26Por tanto, aquellas tres (facultades) superiores que indicamos más arriba[2], deben ser custodiadas atentamente por los hermanos, esto es: el pensamiento, la palabra y la mirada; 27en seguida que un mal pensamiento cautive la mente, al punto, los hermanos signarán su frente e incluso su pecho, dirigiendo inmediatamente su memoria hacia los preceptos de Cristo. 28Y diga para sí mismo el hermano con el profeta: Me acordé de Dios, y fui consolado (Sal 76 [77],4; 118 [119],52). 29Y también diga: Por ti seré liberado de la tentación y en mi Dios atravesaré el muro (Sal 17 [18],30).

30Pero si la negligencia pone en la boca una palabra iracunda o perversa, inmediatamente el hermano cerrará la boca, la signará con el signo de la cruz y se dirá a sí mismo en el corazón, 31diciendo con el profeta: Dije: custodiaré mis caminos, para no pecar con mi lengua. Puse una guardia en mi boca.
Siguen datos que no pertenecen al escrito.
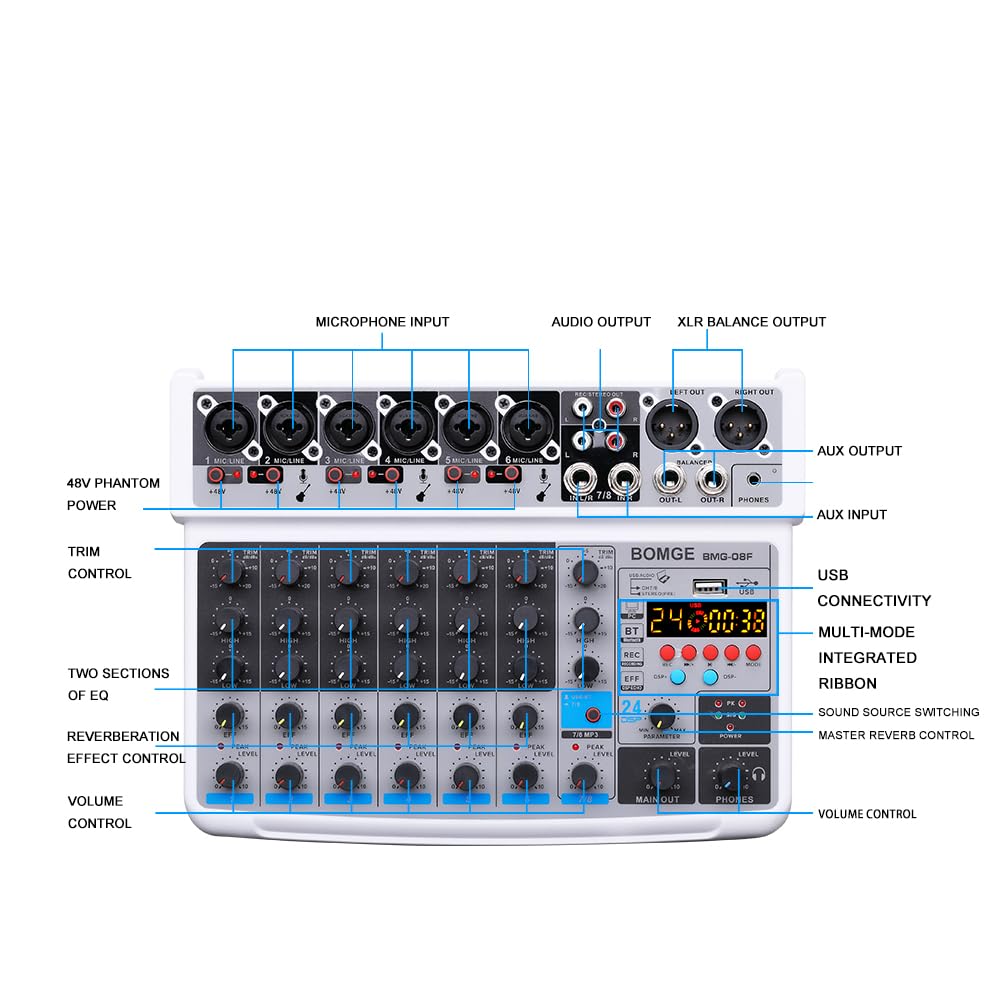 BOMGE 8 channel mini audio mixer Line Mixer ，DC 5V，with MP3 Player,Bluetooth, U disk 48V,24DSP effects, USB recording Ideal for Small Clubs or Bars, Studio Recording (8 channels-WHITE)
No hablé, fui profundamente humillado y guardé silencio de las cosas buenas (Sal 38 [39],2-3), 32es decir, el profeta muestra que si a veces debe prohibirse hablar palabras buenas por la taciturnidad, cuanto más deben cesar las palabras malas por causa del castigo por el pecado. 33Por tanto, aunque se trate de palabras buenas, santas y de edificación, raramente se concederá licencia de hablar a los discípulos perfectos, por causa de la gravedad del silencio; 34sin embargo, para otras cuestiones los hermanos no interrogados permanezcan en silencio, hasta que una pregunta del abad afloje los frenos de sus bocas silenciosas. 35Porque la taciturnidad debe ser custodiada cuidadosamente, puesto que en el mucho hablar no se evita el pecado (Pr 10,19). 36Y también, muerte y vida (están) en manos de la lengua (Pr 18,21). 37En efecto, hablar y enseñar corresponden al maestro, callar y escuchar convienen al discípulo.

 



[1] Vv. 7-10, cf. Mt 15,19.

[2] Cf. RM 8,6-11, pero donde se mencionaban sólo dos.